Ao longo de sua vida pública, Nosso Senhor anunciou a chegada desse Reino e confirmou suas palavras com inúmeros milagres. O Evangelho deste domingo nos mostra o cuidado e carinho que, ao cabo de três anos, Jesus teve para com seus Apóstolos quando, prestes a começar sua via crucis, indica-lhes o meio pelo qual seu Reino deveria se estabelecer sobre a terra, dando-lhes “um novo mandamento: amai-vos uns aos outros” (Jo, 13, 34a).
Se bem que a Antiga Lei já ordenasse o amor ao próximo, a novidade desse preceito está no modo de praticá-lo. Enquanto Moisés ensinava a amar o próximo “como a si mesmo” (cf. Lv 19, 18), na nova Lei do amor Jesus indica: “Como Eu vos amei” (Jo 13, 34b). Trata-se, portanto, de amar o próximo da mesma forma que Deus o ama!
São Paulo, na sua Primeira Carta aos Coríntios, descreve de modo muito eloquente o amor cristão: deve ser sobretudo sofredor, pois “tudo desculpa, tudo crê, tudo espera, tudo suporta” (13, 7). E dele nos dá exemplo máximo Nosso Senhor em sua Paixão, ao Se entregar por nós na Cruz. Por isso advertem o Apóstolo das Gentes e São Barnabé na primeira leitura deste domingo: “É preciso que passemos por muitos sofrimentos para entrar no Reino de Deus” (At 14, 22b). Eles se referem aos padecimentos que nascem como fruto da verdadeira caridade, imitando assim o amor de Jesus Cristo.
Ora, para possuir esse amor de Deus plenamente em nós é necessário tomar uma atitude radical: o esvaziamento de si mesmo. O Evangelho do dia nos oferece um pormenor importante a esse respeito: “Depois que Judas saiu do Cenáculo disse Jesus: ‘Agora foi glorificado o Filho do Homem’” (Jo 13, 31).
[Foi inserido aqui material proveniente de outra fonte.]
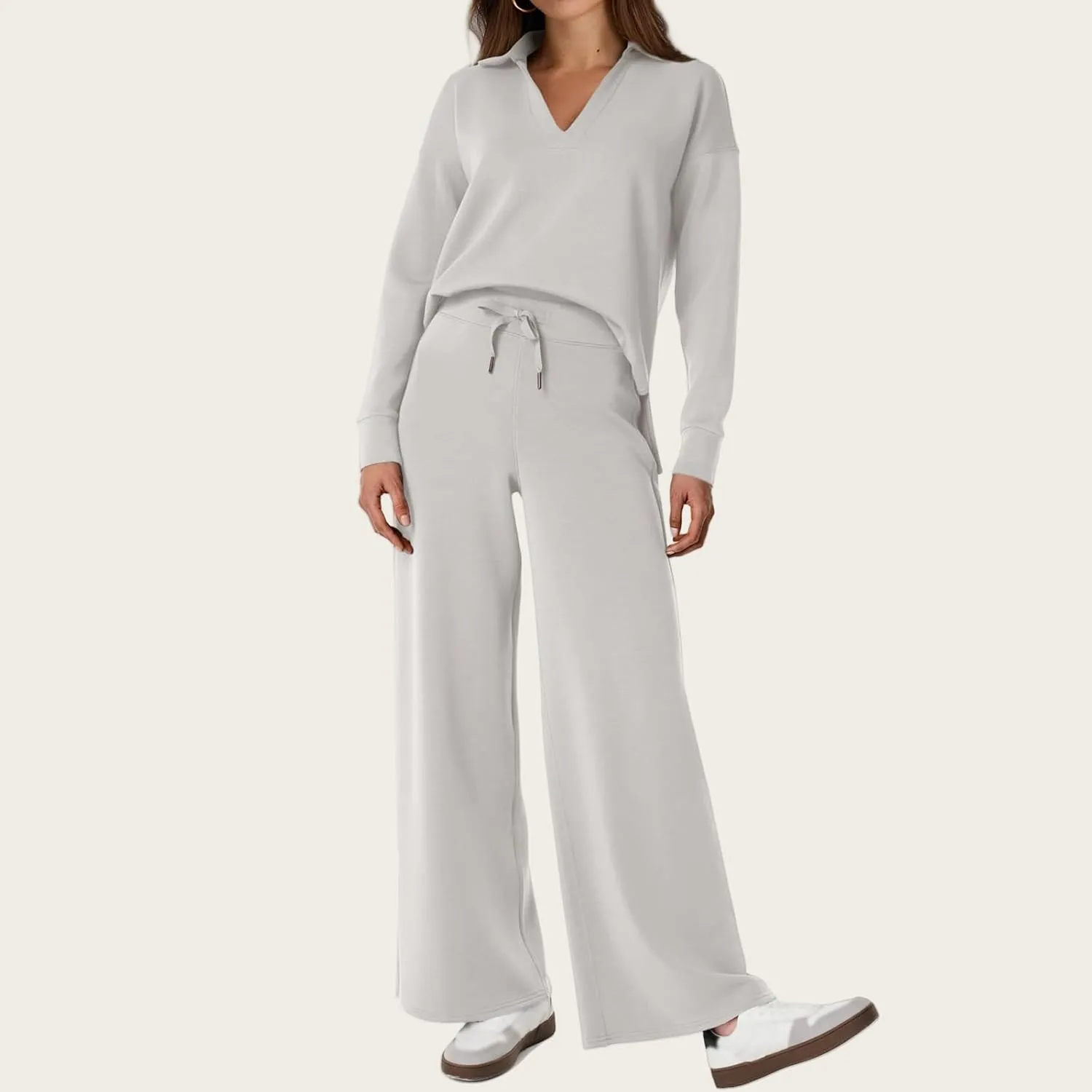 Women Casual 2 Piece Outfit Long Pant Set Sweatsuits Tracksuits Long Sleeve Pullover Tops Casual Workout Lounge Sets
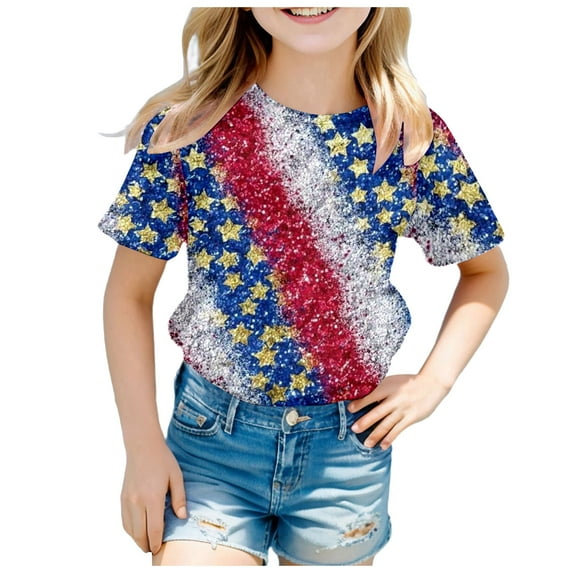 Gelikeya 4th of July Clothes for Girls Size 11-12 Independence Day Star Graphic Print Short Sleeve Shirt Soft and Comfortable Tee Tops Oversized Pullover Summer Wear Navy 2-12Y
Comentando esta frase, Santo Agostinho afirma: “Saiu Judas e foi glorificado Jesus; saiu o filho da perdição e foi glorificado o Filho do Homem. […] Tendo saído o imundo, ficaram todos puros e permaneceram com o seu Purificador”.1 Essa “purificação” que se deu no âmbito coletivo dos Apóstolos deve acontecer de forma individual no interior de cada um de nós. Por isso o Bispo de Hipona aconselha: “Vais ficar repleto de bem, esvazia-te do mal. Imagina que Deus te quer encher de mel. Se estás cheio de vinagre, onde pôr o mel? É preciso jogar fora o conteúdo do jarro e limpá-lo, ainda que com esforço, esfregando-o, para servir a outro fim”.2
Esforcemo-nos, pois, em arrancar de nós todo egoísmo, orgulho e raiz de iniquidade, para vivermos com perfeição o preceito do amor e assim fazermos com que o Senhor habite no meio de nós. “Deus é amor; e quem está no amor está em Deus, e Deus nele” (I Jo 4, 16). ◊
Notas
1 SANTO AGOSTINHO. In Ioannis Evangelium. Tractatus LXIII, n.2.
2 SANTO AGOSTINHO. In Epistolam Ioannis ad Parthos. Tractatus IV, n.6.